**Task prompt**
Write out again, exactly, the lines below starting at the one with "沙特购买12艘052d是不是真的,外国网友评论沙特购买052d" and ending at the one with "Bowers & Wilkins STAV 24 S3 Speaker Stands".

**Extracted entries**
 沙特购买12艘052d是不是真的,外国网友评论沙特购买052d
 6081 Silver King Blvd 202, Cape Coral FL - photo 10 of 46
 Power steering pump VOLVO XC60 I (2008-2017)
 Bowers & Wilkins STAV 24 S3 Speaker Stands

---

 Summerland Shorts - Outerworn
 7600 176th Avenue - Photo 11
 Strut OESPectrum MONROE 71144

**Reply**
 沙特购买12艘052d是不是真的,外国网友评论沙特购买052d
 6081 Silver King Blvd 202, Cape Coral FL - photo 10 of 46
 Power steering pump VOLVO XC60 I (2008-2017)
 Bowers & Wilkins STAV 24 S3 Speaker Stands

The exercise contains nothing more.